Marketing segmentation challenge: create value while protecting highly sensitive data
Market segmentation is a crucial marketing strategy that involves dividing a heterogeneous market into homogeneous groups based on certain shared characteristics, such as age, gender, or income. By utilizing highly personal features, marketers can create clusters to target each group with personalized promotions, coupons, and other relevant information. However, accessing these personal features poses significant privacy risks, making them often inaccessible to the marketer.
This demo will show how a marketing team will be able to activate a market segmentation for a cosmetics brand, using data from a grocery retailer, without compromising the privacy of individuals thanks to Sarus.
Implementing market segmentation and activation with Sarus
What is Sarus?
Sarus is a solution which allows analysts to work on sensitive data without seeing it in the process. They can conduct statistical analysis and develop machine learning models to extract insights and make decisions without compromising the privacy of individuals.
We’ll see why this is a secure and efficient way to design a market segmentation strategy.
Retail dataset
Find the data on our github here.
In this demo, we are using a subset of the retail dataset Completejourney — you can find a full description here. The original dataset contains data about household-level transactions over one year from a group of 2,469 households who are frequent shoppers at a grocery store — we will be using only data of 800 households for whom there are demographic insights.
The demo uses three tables:
The demographics table provides detailed information about the socio-economic and demographic characteristics of households. The transactions and products tables describe the purchases made by households, including the amount spent, when and where they made the purchase, product category, and origin.
Data sensitivity
Considering that “99.98% of Americans would be correctly re-identified in any dataset using 15 demographic attributes” according to this scientific article, hence the retail dataset we will be using is very sensitive. Moreover it also contains insights about households’ consumption habits that can facilitate even more re-identification.
Dataset preparation
In order to conduct this market segmentation, first the data administrator from the retailer — who collected and owns the data — onboards the dataset in Sarus. During this step, the application automatically generates Synthetic Data with a deep-learning generative model that preserves types and links between tables (learn more about the model in this article). Having a precise understanding of the data is very important for the analyst, and the synthetic data allows to get these precious elements.
The data administrator from the retailer also customizes the Privacy Policy applied to the data scientist from the marketing team, specifying the results they will receive. In our case, they will have access to the Synthetic Data, Differentially Private results and the right to activate ids.
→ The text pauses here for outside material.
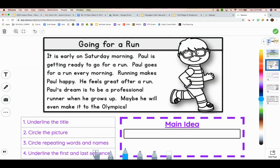Today we are going to read the story, Going for a Run. It is early on Saturday morning. Paul is getting ready to go for a run. Paul goes for a run every morning. Running makes Paul happy. He feels great after a run. Paul's dream is to be a professional runner when he grows up.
The data scientist now has access to the dataset called ‘retail_data’ and can conduct the market segmentation using Python.
Extract, explore, pre-process and segment the dataset
Notebook intro
You can find the notebook here!
First, the analyst connects to the instance where the dataset has been set up by the data administrator:
The analyst will be using pandas, numpy and scikit-learn to manipulate the remote dataset. For this, the respective APIs from the Sarus libraries must be imported.
Explore the tables
Once the dataset has been selected, the analyst can see all its tables and get samples from each of them.
Note the output message: ‘Evaluated from synthetic data only’. Indeed, the analyst’s Privacy Policy does not allow them to see raw data, therefore the Sarus API returns the best alternative output according to the Policy: rows of synthetic data.
Extract the relevant data with a SQL query and process them with pandas
After doing some exploration on the different tables, the data scientist can create the view they want to work on using a SQL query.
Now that the relevant data have been selected, the data scientist still has to correct the format in order to train a Machine Learning algorithm.
Here we trained a KMeans model to create clusters and mapped each household to the corresponding group.
Activate this list of ids
Now, we’re ready to send the list of ID to a third-party tool.
And it’s done: all the insights have been pushed to the third-party tool, and the digital marketing team can instantly start using them!
Conclusion and benefits
The data scientist, armed with his trusty libraries, was able to run his analytical work in an usual way even without accessing data. They were able to define two specific audiences and use them in their marketing campaigns. The process adhered to the highest standards of data protection, ensuring that no personal information is ever exposed or leaked.